Les organisations humanitaires et les groupes de défense des droits mondiaux affirment que les gouvernements des pays de l’UE et de Minsk doivent respecter leurs obligations de protéger les droits de ces migrants.
“Ce n’est pas la meilleure approche face à la situation si l’UE rend difficile, voire impossible, le franchissement de sa frontière en construisant des murs ou en érigeant des barrières juridiques, et ce n’est pas non plus une bonne chose si la Biélorussie crée une situation où les gens sont bloqués”, Normal Sitali, Opérations médicales Le responsable de Médecins sans Frontières (MSF) en Biélorussie, a déclaré à IPS.
« Les organisations humanitaires indépendantes et les organisations internationales et de la société civile doivent avoir un accès sans entrave à la zone frontalière pour répondre à la situation désastreuse qui y règne. Les gouvernements doivent veiller à garantir l’accès aux soins de santé à ces personnes afin que les organisations internationales n’aient pas besoin de les fournir et de les payer ; ils doivent également envisager des protections juridiques pour eux ; et ils doivent examiner comment garantir à ces personnes l’espace et la protection nécessaires pour revendiquer leurs droits en tant qu’individus pendant leur transit », a-t-il ajouté.

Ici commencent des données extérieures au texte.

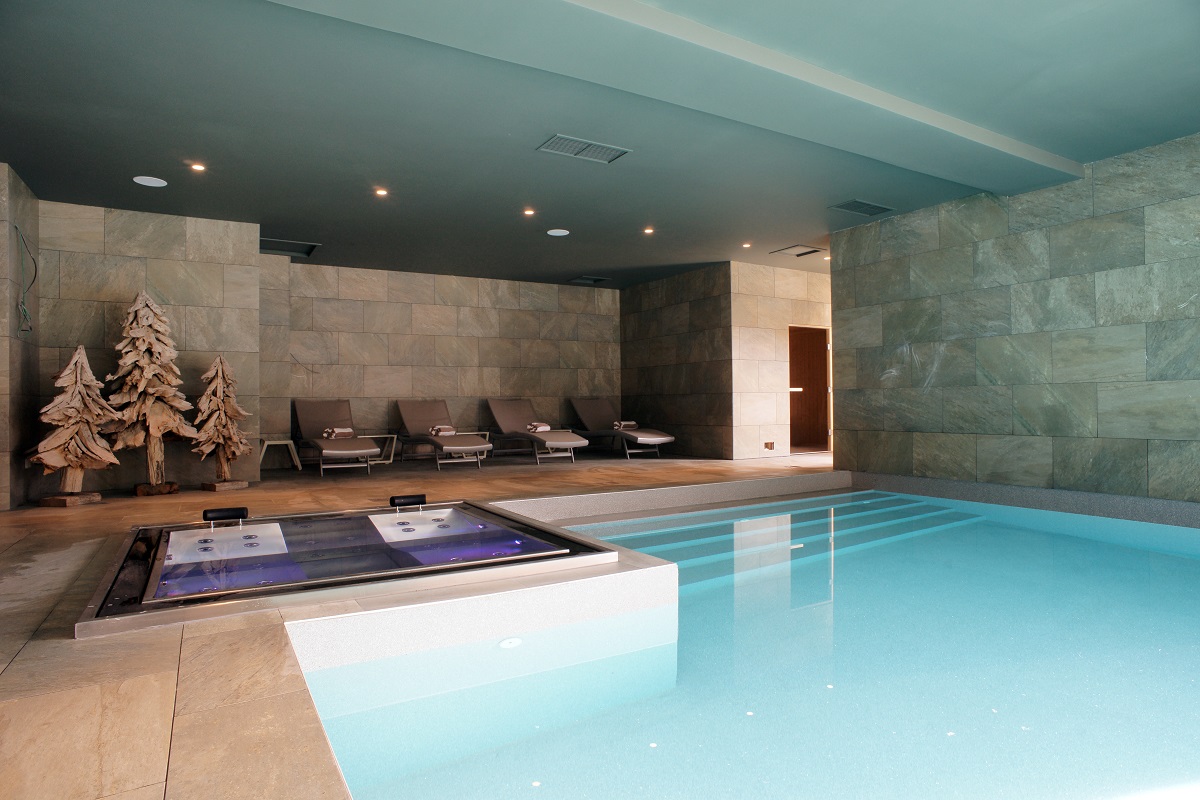 La piscina interna riscaldata dell’Hotel & SPA Alta Peyra - Fonte: @Alta Peyra Hotel & SPA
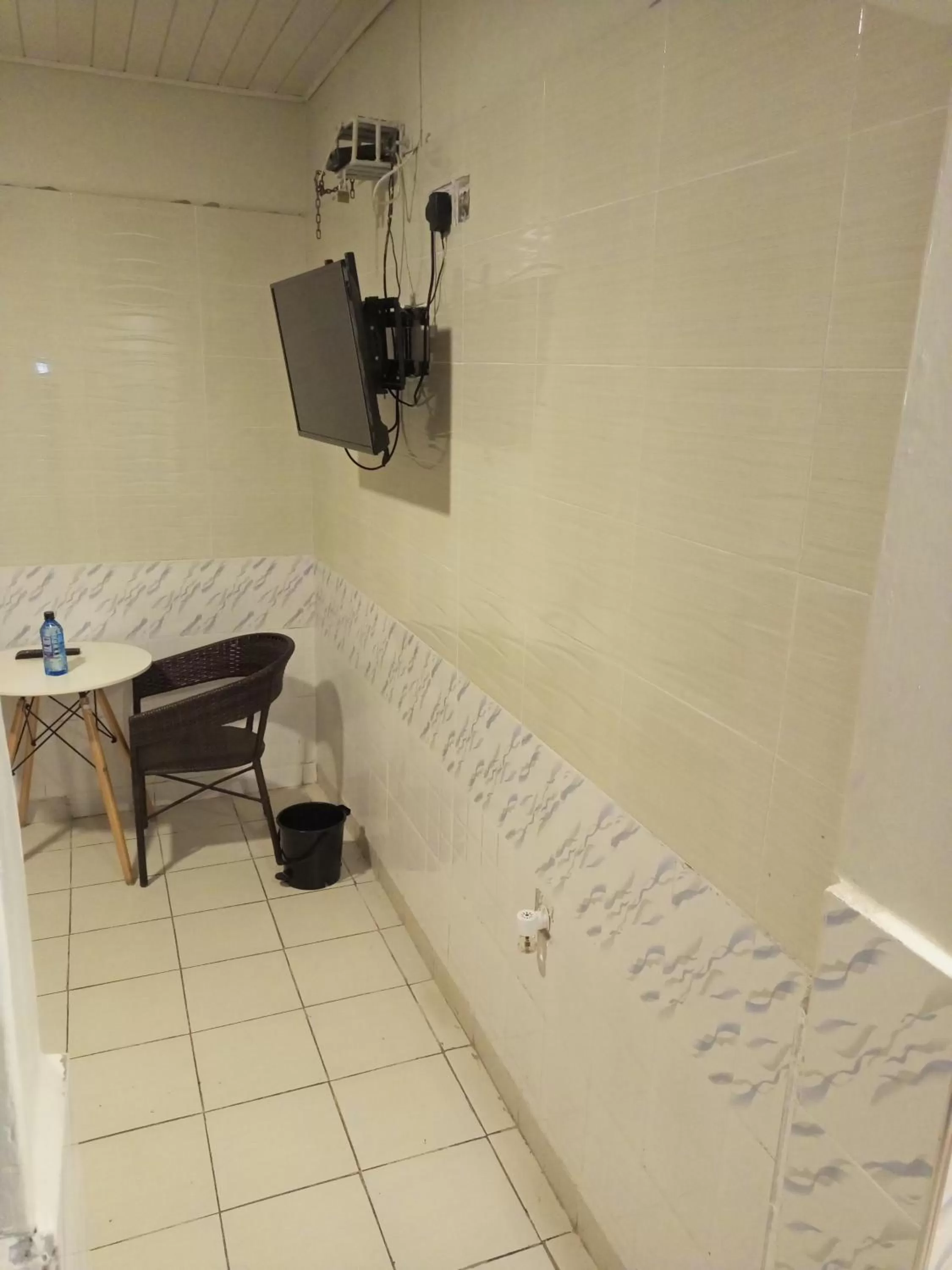 View (from property/room), TV/Entertainment Center in Beach View Hotel - Kisumu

MSF, qui a aidé des milliers de migrants pendant la crise, a cessé l’année dernière de leur fournir des services après avoir décidé que les besoins médicaux des migrants étaient dépassés par leurs besoins de protection et de soutien juridique, qui, selon MSF, ne peuvent être fournis que par des organisations dédiées possédant une expertise spécifique.
Mais certains doutent que la situation s’améliore de sitôt, compte tenu des relations politiques très tendues entre la Biélorussie et l’UE.

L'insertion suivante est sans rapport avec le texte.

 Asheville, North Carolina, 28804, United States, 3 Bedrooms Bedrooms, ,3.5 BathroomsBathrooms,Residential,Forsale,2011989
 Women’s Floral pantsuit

« Les gouvernements doivent faire quelque chose, mais la situation politique rend les choses compliquées. Les gouvernements de l’UE ne négocieront pas avec Loukachenko en raison des répressions en cours en Biélorussie. À moins d’un changement significatif, rien ne s’améliorera », a déclaré Bronitskaya.
Cependant, d’autres espèrent un changement.

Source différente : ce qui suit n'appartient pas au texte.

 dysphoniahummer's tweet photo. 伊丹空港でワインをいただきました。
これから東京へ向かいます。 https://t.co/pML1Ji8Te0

Les responsables du nouveau gouvernement polonais, arrivé au pouvoir en décembre de l’année dernière, ont affirmé que le nombre de refoulements avait diminué sous la nouvelle administration et ont déclaré qu’une nouvelle politique frontalière et migratoire était en cours d’élaboration, qui ferait de la protection des droits de l’homme une priorité. . Des plans sont également mis en place pour que les forces frontalières mettent en place des groupes spéciaux de recherche et de sauvetage pour mettre fin aux crises humanitaires aux frontières du pays, ont-ils indiqué.
« En tant que pays européen, nous devons respecter les lois européennes sur les droits de l’homme et offrir à nos citoyens un accès à la sécurité. Vous n’avez pas besoin de négocier avec le régime biélorusse pour faire cela”, a déclaré Ladomirska à IPS.
« J’espère qu’avec le nouveau gouvernement polonais, quelque chose pourra changer. Nous leur parlons; le changement est réalisable, et avec le nouveau gouvernement, il existe une opportunité pour ce changement.